ANTİ-MADDE
8 - Anti-Madde ve Ezoterizm
Araştırma ve yazı: |
|
Birbirinin “anti”si iki madde eşit miktardaki yanyana geldiklerinde bilim adamlarının değimi ile birbirlerini imha (annihilate) etmektedirler. Bu annihilate sürecinde ortaya 511 keV’lik1 çok büyük bir enerji, radyasyon şeklinde (genelde gamma ışınları biçiminde) açığa çıkmaktadır.

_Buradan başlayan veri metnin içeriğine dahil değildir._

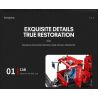 REOBRIX 22019 non  MÁY SAN TUYẾT bộ đồ chơi xếp lắp ráp ghép mô hình  Kỹ Thuật Công Nghệ Cao Mô Hình Phương Tiện 1100 khối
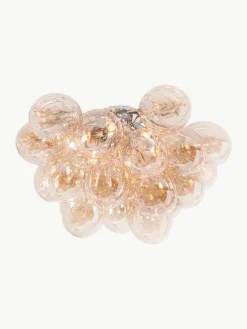 Mondgeblazen plafondlamp Gross met glazen bollen^By Rydens Clearance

Anti-madde (AM), evren ilk kurulurken (722 sistemine göre bölünürken) meydana gelen bir maddedir. Madde ile eşit miktarda ortaya çıkmıştır ve bu durum “ortadan bölünme” fikrini çağrıştırdığı için “Bölünen Evren” teorisini doğrular niteliktedir.
Ancak yukarıda söylediğim gibi eşit miktardaki madde ve anti-madde birbirlerini imha etmektedirler. Oysa madde evreni (makrokozmos) ve madde evreni canlıları (bizler) var olduğuna göre bunlar birbirlerini bir şekilde veya bir nedenle yok edememişler demektir. Bu durum “Neden Big Bang ile ortaya çıkan madde ve AM birbirlerini imha ederek evreni bir radyasyon denizine çevirmediler?” sorusu ile açıkça ortaya konabilir. Maddenin bir kısmı, anti-madde ile birleşmeden var olmayı sürdürebilmiştir. Maddeden yapılı makrokozmos var olduğuna göre madde, anti-maddeden fazladır.
Ancak bu durumun nasıl meydana geldiği, ya da neden böyle bir yapının var olduğu bilim dünyasında çözülememiştir.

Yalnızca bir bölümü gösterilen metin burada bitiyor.